“The recent Government Budget was specifically designed to address a foreign exchange shortfall which only became apparent in May this year. As you may know, emerging markets worldwide experienced an outflow of capital ever since May, and the timing of our own difficulties suggests we may have been affected by this phenomenon.” – Central Bank Governor Dr DeLisle Worrell, speech to the Productivity Council’s Getting Everyone To Understand Productivity Programme, September 3, 2013.
It has become the mantra of our current political and financial leaders to say that they went to work one day in May and found everything in turmoil.
Some economic thief in the night had turned over their desks, scattered their files, disrupted their Internet connection – all metaphorically speaking, of course – and left them in a state of bewilderment. The people’s heroes – who had won re-election on the theme of “Stick with us, the country is stable” – found themselves suddenly drowning in a sea of instability.
And the country found itself stuck with them as they regretfully informed us of this unforeseen crisis.
This excuse for its myopic foresight is once more expressed in the quote above by the Central Bank governor, in which the operative words have the same three letters “may”, one of them capitalized at the beginning.
In other words, my friends, “May” is why we “may” have a problem.
It was something that nobody could have foreseen even three months before, in February, when, coincidentally, there was an election campaign in full swing in which the same political leadership had portrayed the opposition concern about that economic cliff on the horizon as fear-mongering just to get back into power.
In one of its political ads, the Democratic Labour Party (DLP) attacked the Barbados Labour Party (BLP) on the issue of privatization, showing a large toilet bowl with logos for CBC, the Transport Board and other Government-owned entities swirling around above and falling in. The message was that the BLP would privatize these entities and people would lose their jobs.
Later the Government would have to announce expenditure cuts of close to $300 million, a large part of it to be achieved by reducing public sector jobs.
Another ad offered the slogan, “Don’t put your future at risk . . . Stick with the Dems”.
So it was not that the writing wasn’t on the wall. It was that the DLP flushed all such concerns about our economic future down the toilet bowl of their political advertising.
To try to blame the coming to pass of what was predicted on some event that suddenly occurred last May begs the question: What event?
On September 3, the International Business Times noted that “(US) Fed Chairman Ben Bernanke announced in May the central bank may consider tapering its bond-buying programme if the employment outlook improved substantially, and added the central bank is ready to continue or shrink stimulus based on US economic data”.

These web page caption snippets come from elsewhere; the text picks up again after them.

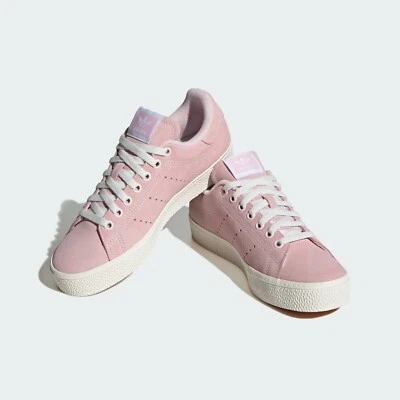 Adidas Originals Stan Smith CS Pink/White US Size 6.5 Women's Sneakers IG0345 - Image 1 of 4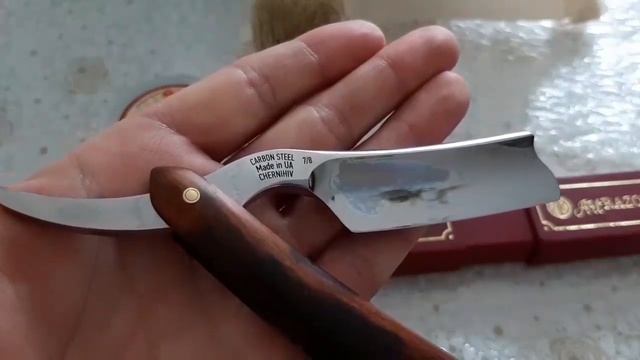 Посилка від ArtRazor. Бритва,помазок і гель. смотреть онлайн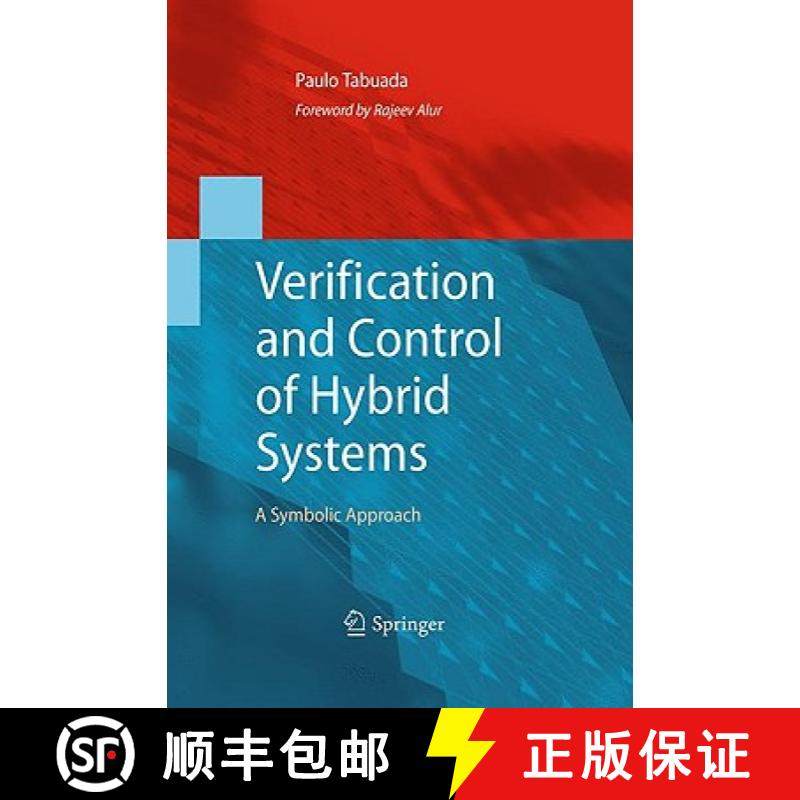 【3-4周达】Verification and Control of Hybrid Systems : A Symbolic Approach [9781441902238]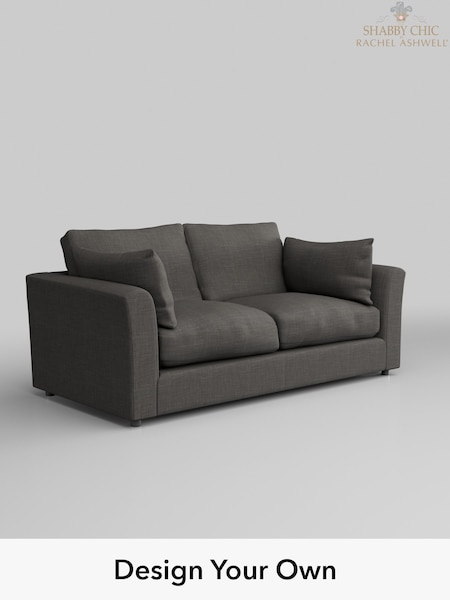 Textured/Mist Grey Bradly By Shabby Chic By Rachel Ashwell (E21598) | £1,325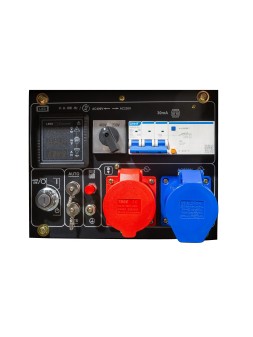 Generador diésel abierto Full Power 10,6kVA ITC Power DG10000LEK-T - Ademax España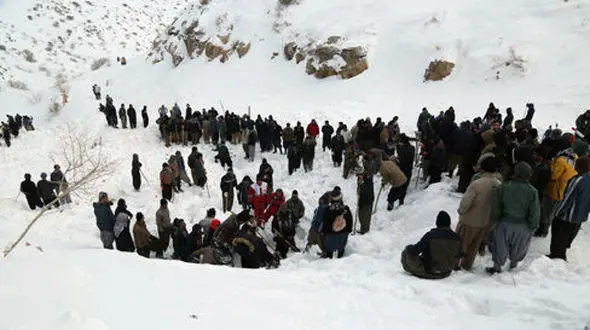  سرمای شدید جان کولبر سردشتی را گرفت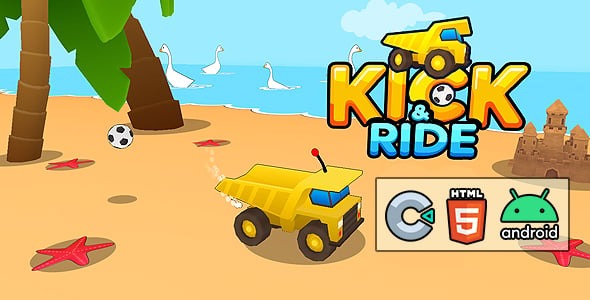 Kick and Ride - C3P + HTML5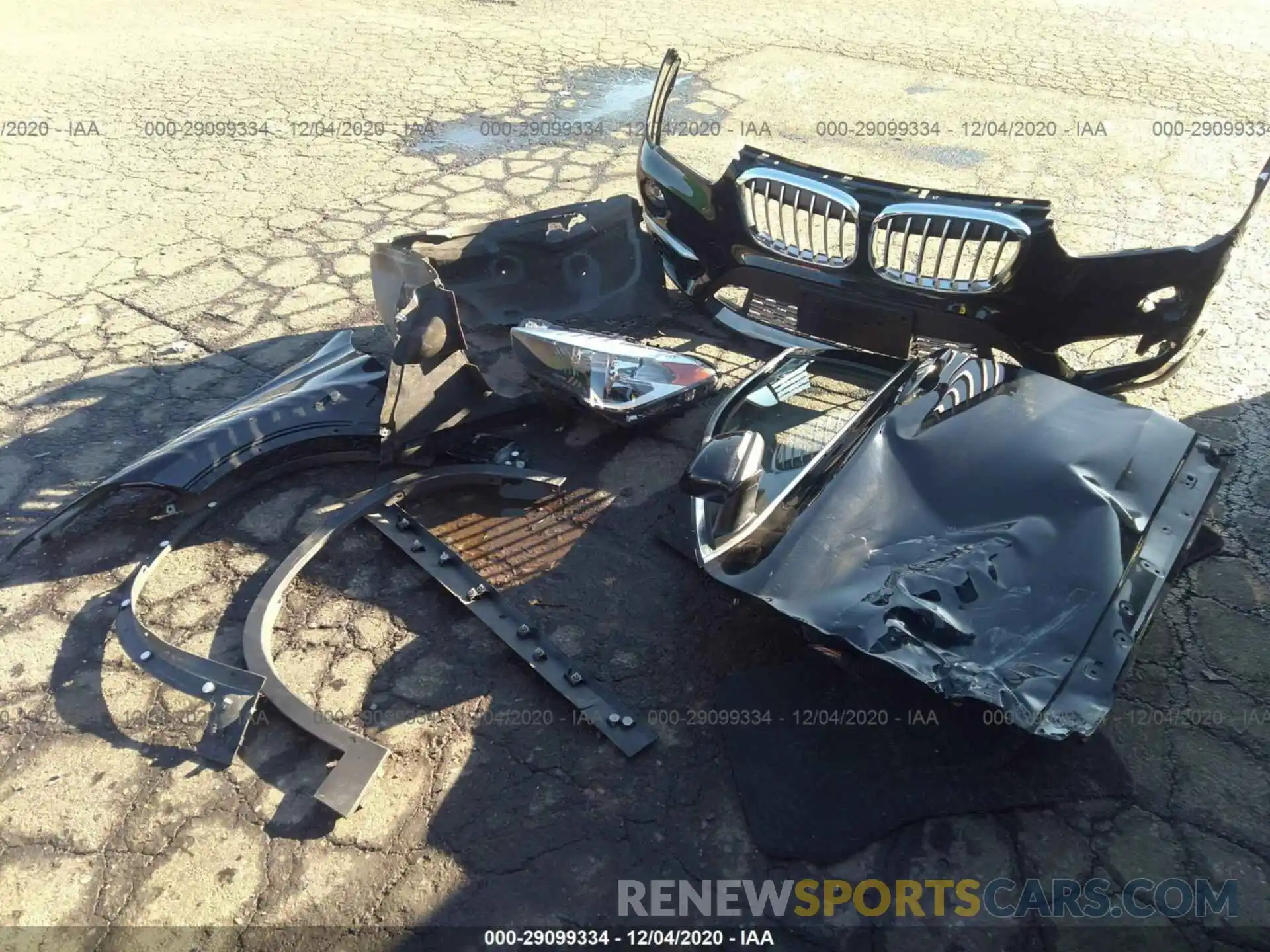 12 Photograph of a damaged car WBXHT3C53K5L89177 BMW X1 2019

Michael Hood, writing in Institutional Investor on September 6, noted: “Emerging market assets have suffered considerably since the Federal Reserve began talking earlier this year about the gradual reduction of market stimulus.”
He noted that, taken together, the exchange rate for such countries has fallen by ten per cent since the Fed chairman’s announcement.
What does that have to do with emerging markets, and maybe Barbados? “With the prospect of higher developed-country interest rates dampening capital outflows bound for developing countries,” writes Mr Hood, “funding for current account deficits becomes scarcer.”
In the absence of other explanations for our suddenly dwindling foreign reserves, I wonder if this could be part of the problem. Could it be that hundreds of millions of our foreign debt has suddenly matured but not rolled over into new bonds, leaving the Central Bank no option but to cash them out?
Could it be a question of confidence in the ability of the Government to turn the economy around? If investors don’t think you are going to be able to pay the interest or cash out the bonds when they come due, it doesn’t really matter how much you offer to pay in interest.
Once again, the public of Barbados is told that overseas developments are the cause of all our economic troubles, with no admission at all as to what effect our miserable economic policies over the past five years may have had to do with our position on this economic precipice.
• Pat Hoyos is a publisher and business writer.